• What needs to be done: Word for word, copy the lines beginning at the one with "Hadar - Handmade" and ending at the last line below; pictures stay out.
Start of Supplied material
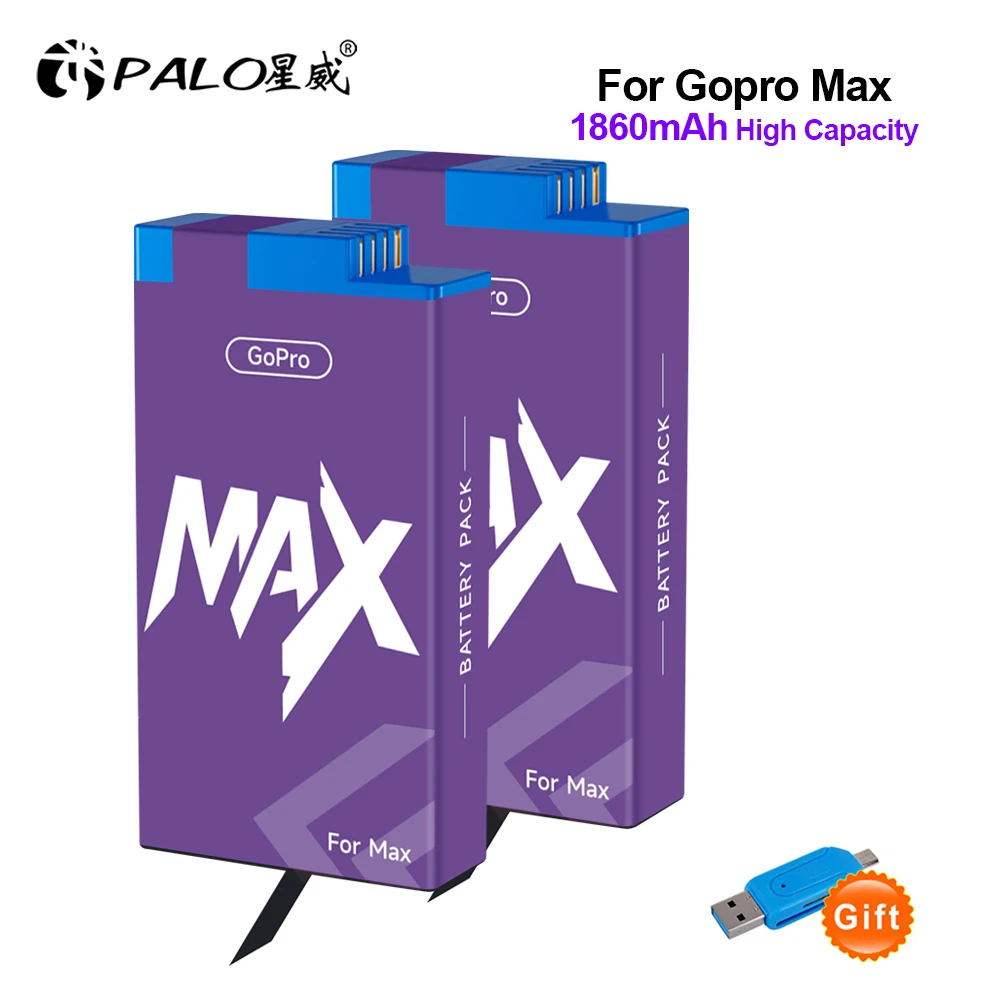 

PALO 1-4pcs 1860mAh Battery for Gopro max Battery Rechargeable Lithium Battery for Gopro Max Action Camera Batteries Accessories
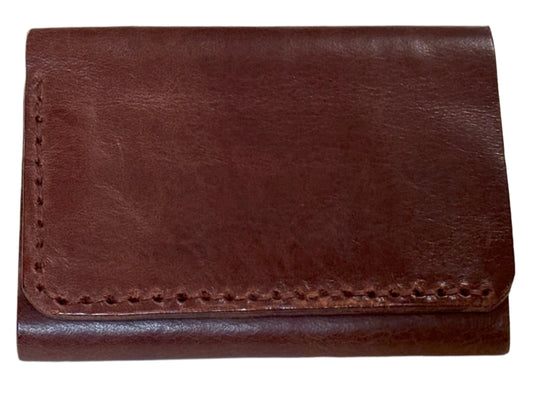 Hadar - Handmade Shine Pull up Leather Trifold Wallet - CB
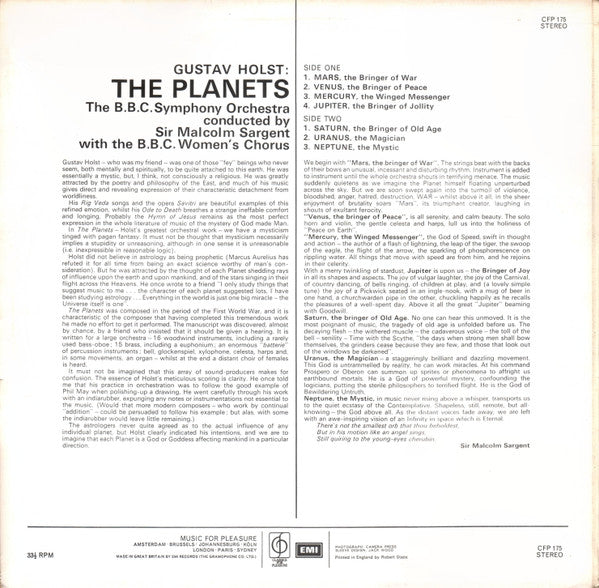 Holst* - BBC Symphony Orchestra Conducted By Sir Malcolm Sargent : The Planets (LP, Bla)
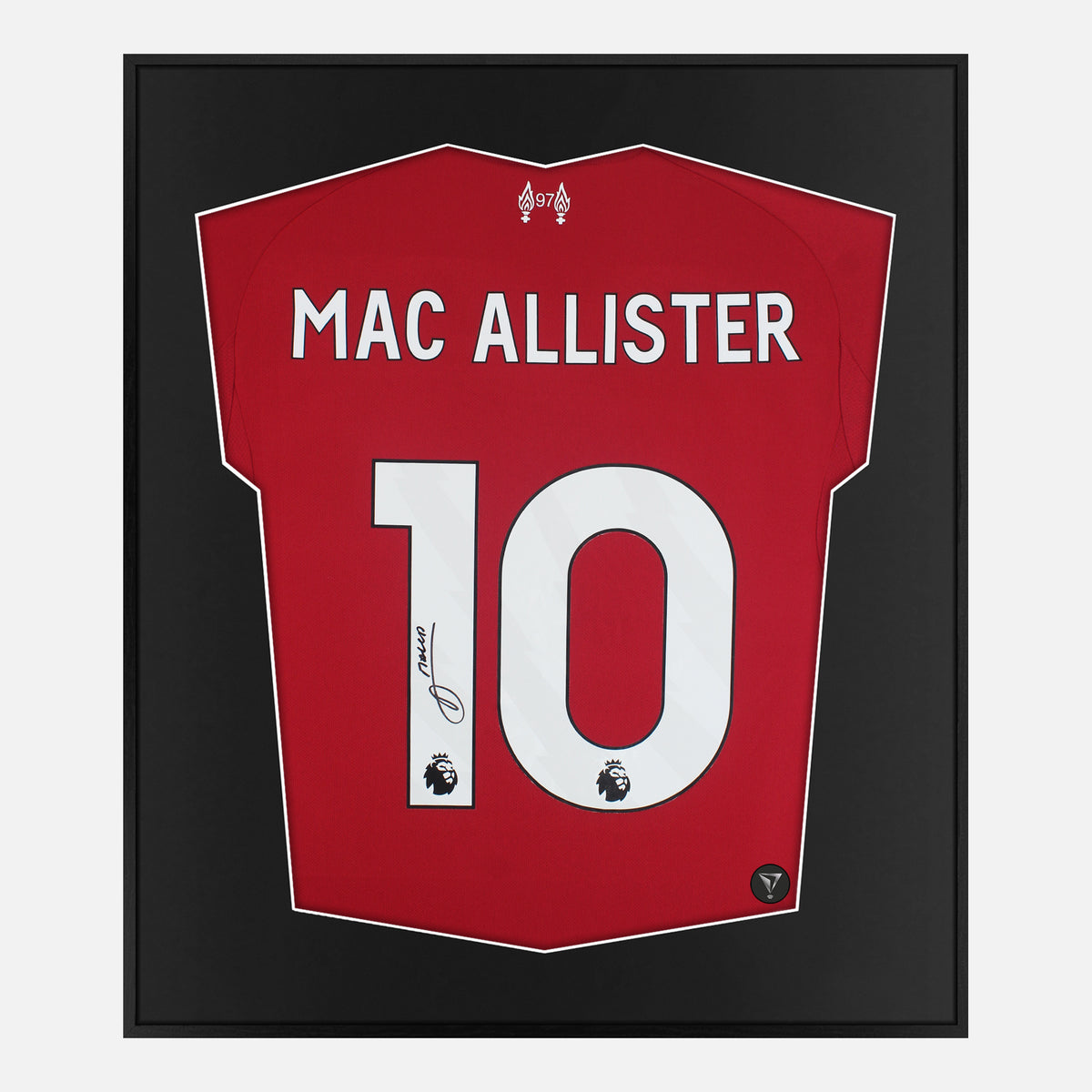 Framed Alexis Mac Allister Signed Liverpool Shirt 2025-26 Home [Lite] — Lite framed Liverpool shirt signed by Alexis Mac Allister | The Vault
End of Supplied material
• Your solution:
 Hadar - Handmade Shine Pull up Leather Trifold Wallet - CB
 Holst* - BBC Symphony Orchestra Conducted By Sir Malcolm Sargent : The Planets (LP, Bla)
 Framed Alexis Mac Allister Signed Liverpool Shirt 2025-26 Home [Lite] — Lite framed Liverpool shirt signed by Alexis Mac Allister | The Vault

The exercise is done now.